Exercise data:
⁂

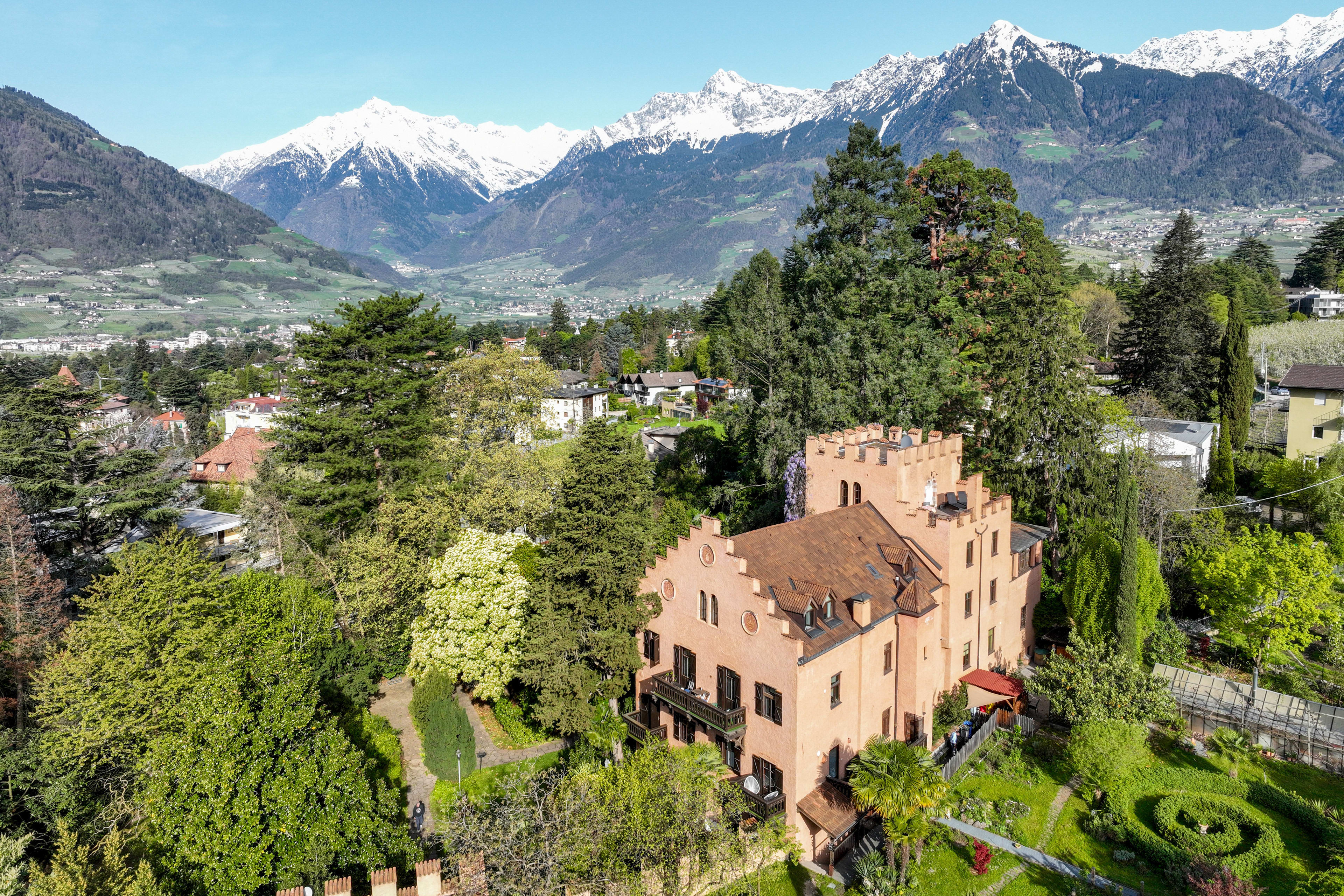 Südtirol - Schloßanwesen in Meran vor großer Dolomitenkulisse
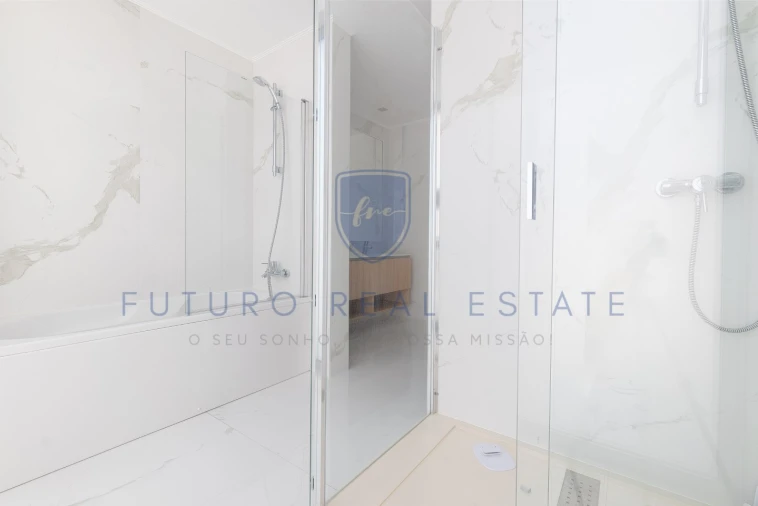 Apartamento T4 para Venda em São Martinho Foto 30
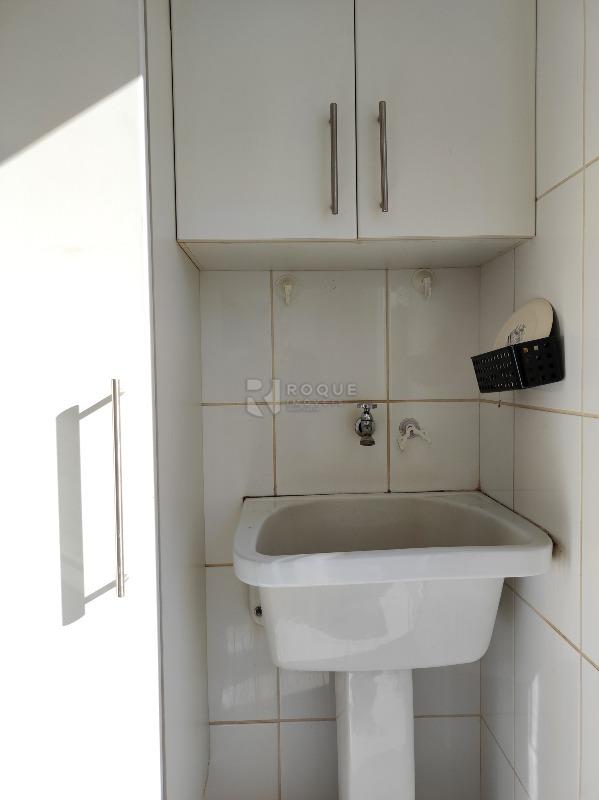 Casa em condomínio à venda no bairro Jardim do Lago: LAVANDERIA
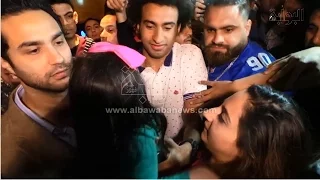 ربيع و كريم فهمي ينقذان طفلة من زحام العرض الخاص لـ حسن وبلقظ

⁂

The finished copy should match the data above word for word and contain no pictures.

Written answer:
 Südtirol - Schloßanwesen in Meran vor großer Dolomitenkulisse
 Apartamento T4 para Venda em São Martinho Foto 30
 Casa em condomínio à venda no bairro Jardim do Lago: LAVANDERIA
 ربيع و كريم فهمي ينقذان طفلة من زحام العرض الخاص لـ حسن وبلقظ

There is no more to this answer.